-- Recorded data follows --

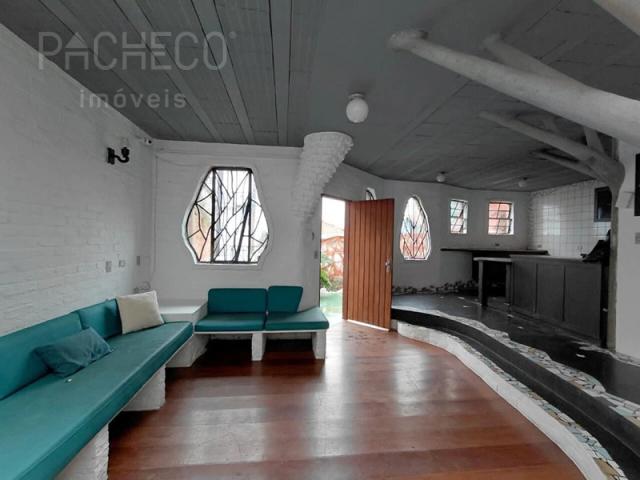 Casa / Sobrado para Locação em São Paulo/SP Alto de Pinheiros 3 Quartos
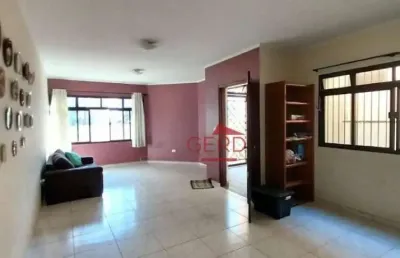 Casa com 4 dormitórios à venda, 300 m² por r$ 1.400.000,00 - centro - osasco/sp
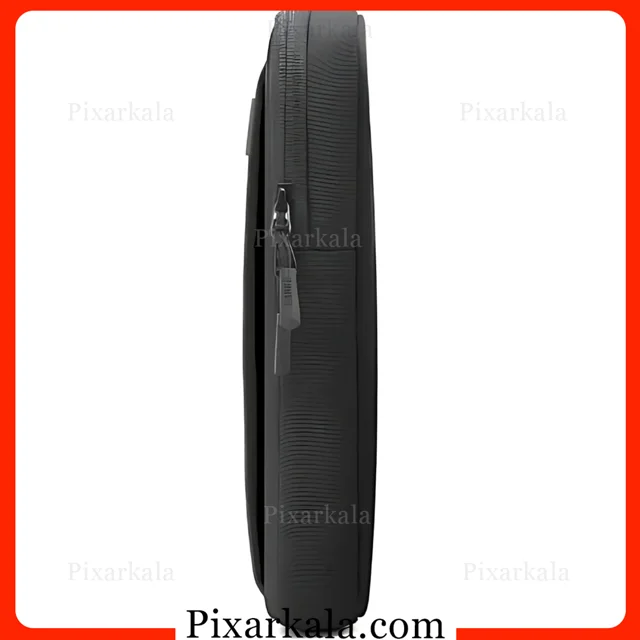 آستر داخلی نرم و کوئیلتی کاور لپ‌تاپ بنج 6801L
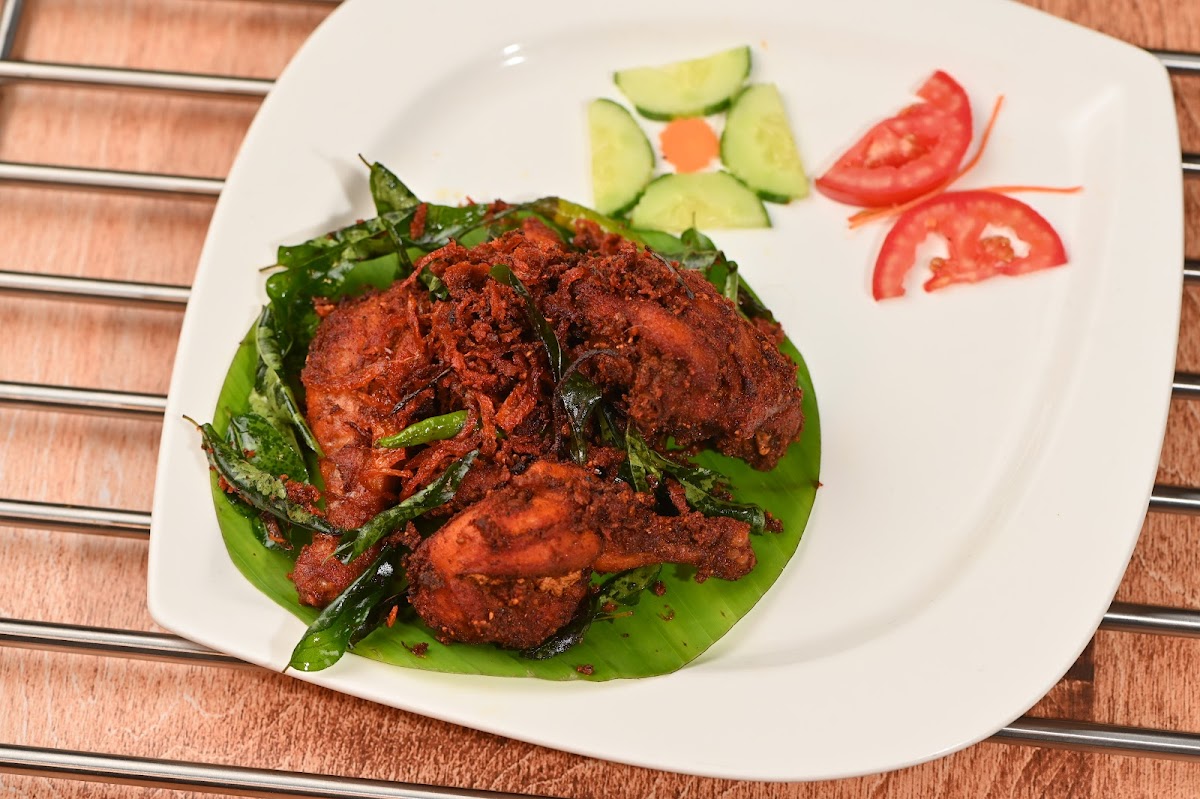 Tharavad Restaurant photo 5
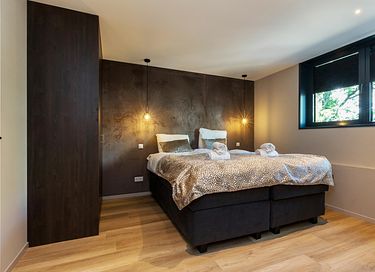 Luxe appartement in hartje Domburg - 17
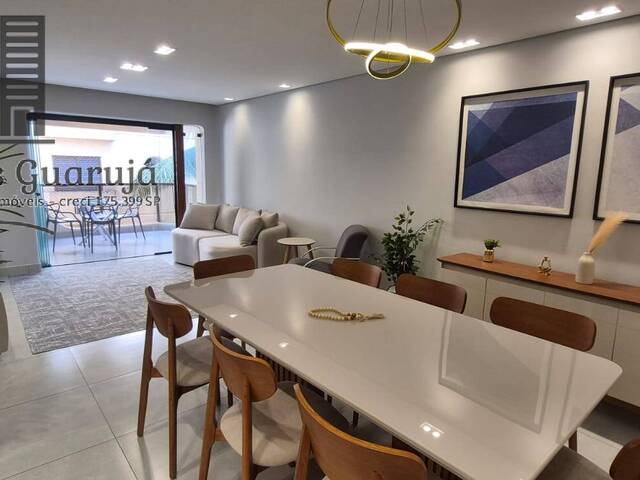 Apartamento para Venda em Guarujá - 5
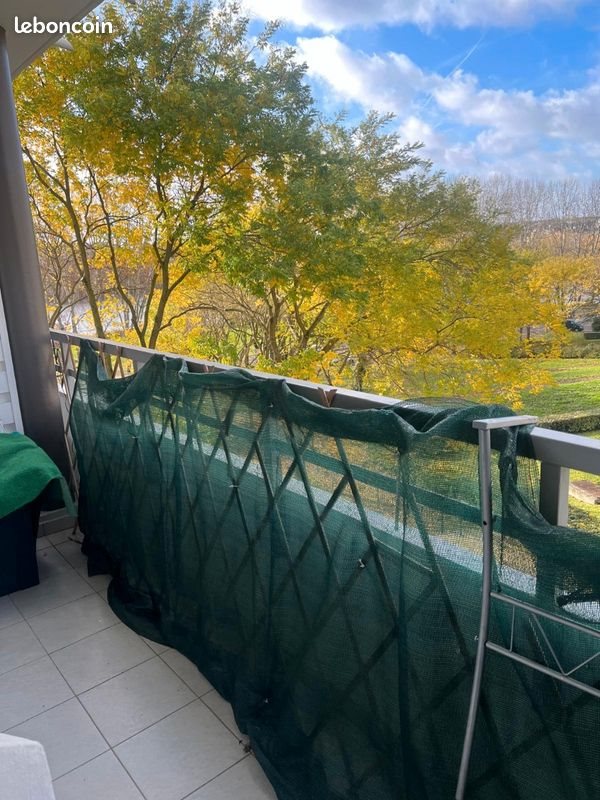 Appartement à louer, 45m², Torcy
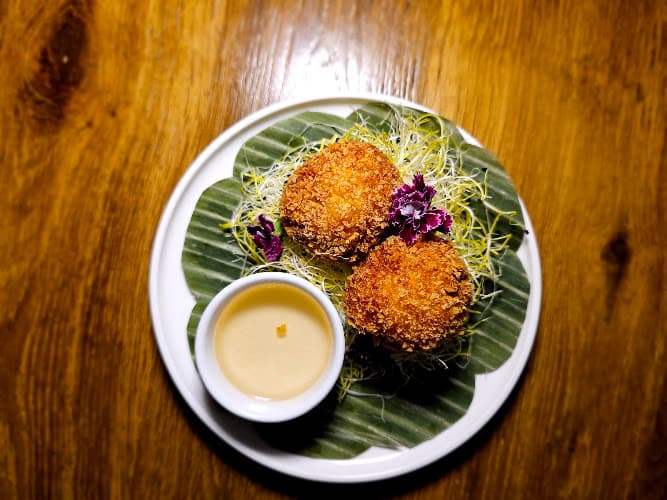 Mali's Thai in Sint-Pieters-Leeuw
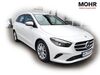 Mercedes-Benz B 180 leutesdorf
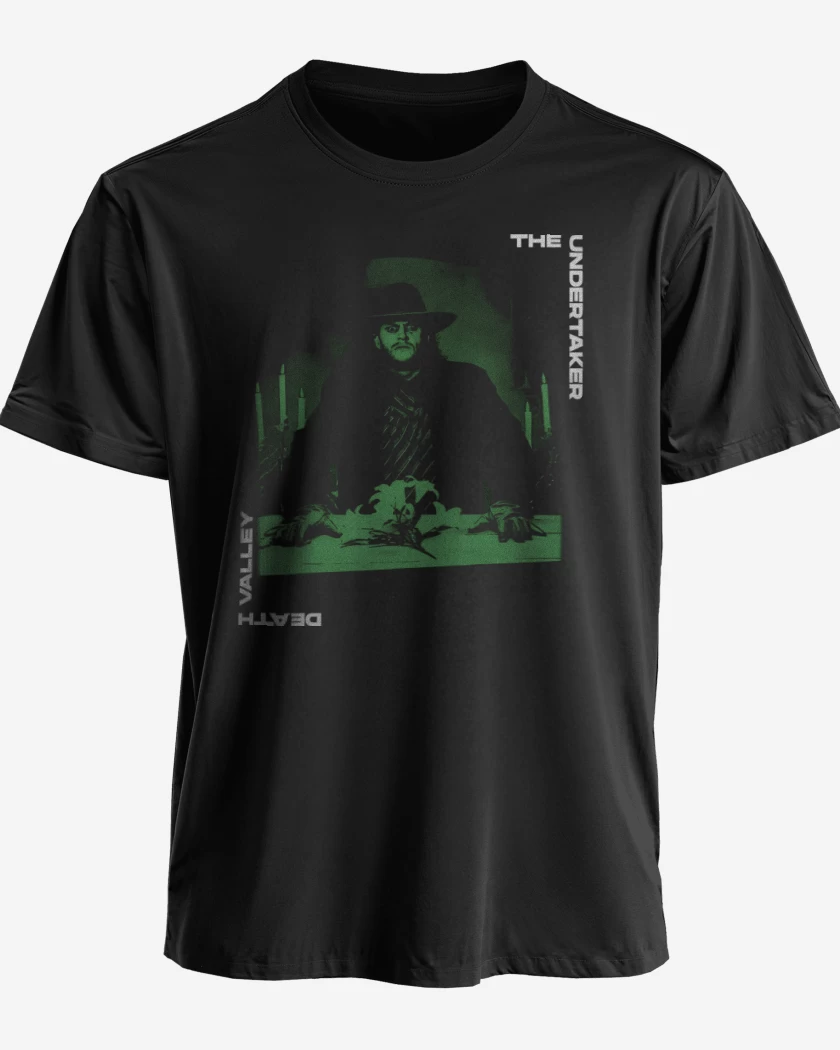 Polera Death Valley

-- Recorded data concluded --

Task instructions » Repeat the lines from the line containing "Tharavad Restaurant photo 5" through the end of the material above exactly, with no pictures and nothing else.

Task response »
 Tharavad Restaurant photo 5
 Luxe appartement in hartje Domburg - 17
 Apartamento para Venda em Guarujá - 5
 Appartement à louer, 45m², Torcy
 Mali's Thai in Sint-Pieters-Leeuw
 Mercedes-Benz B 180 leutesdorf
 Polera Death Valley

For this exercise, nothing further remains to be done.